All Gates Open: The Story of Can

By Rob Young and Irmin Schmidt

Faber & Faber, 2018

Along with Irmin Schmidt, the only surviving consistent member of the German experimental rock band Can, author and editor Rob Young takes a deep-dive into the history and legacy of one of the most influential avant-garde musical groups of the 20th century with his latest book, All Gates Open: The Story of Can. Comprised of over 500 pages (not including the four glossy photo sections or index), the hardback edition consists of two separate books in one.

The first, All Gates Open, makes up two thirds of the tome and finds Young detailing postwar Germany and the original band members’ backgrounds and lives prior to getting together. Young then goes on to detail Can’s many ups and downs as they rehearse, record, release, and tour in support of some of the most pioneering rock, funk, and electronic music ever made, particularly during the initial six fertile years of the band's career.
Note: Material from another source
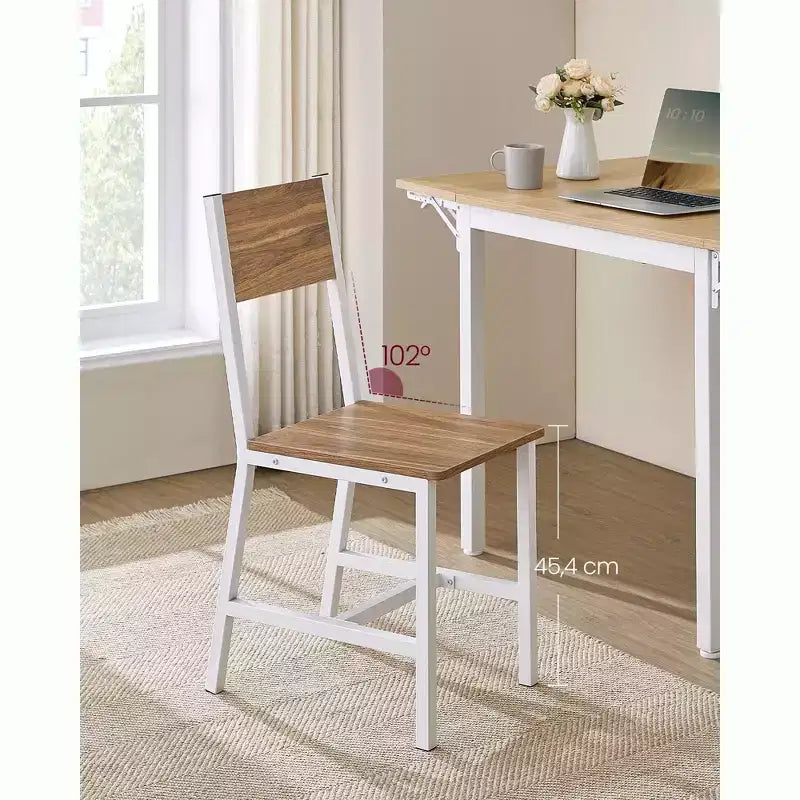 VASAGLE Lot de 2 chaises de salle à manger, chaises rustiques en bois avec cadre en acier, faciles à assembler, assise confortable, chaise moderne de style fermier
The final third of Young and Schmidt’s book is titled Can Kiosk. Just shy of 200 pages, Can Kiosk is made up of Schmidt’s journal entries as well as transcribed conversations between Irmin and notable Can aficionados, including: The Fall’s Mark E. Smith, Portishead’s Geoff Barrow, Bobby Gillespie of Primal Scream, director Wim Wenders, and the actor John Malkovich, among others.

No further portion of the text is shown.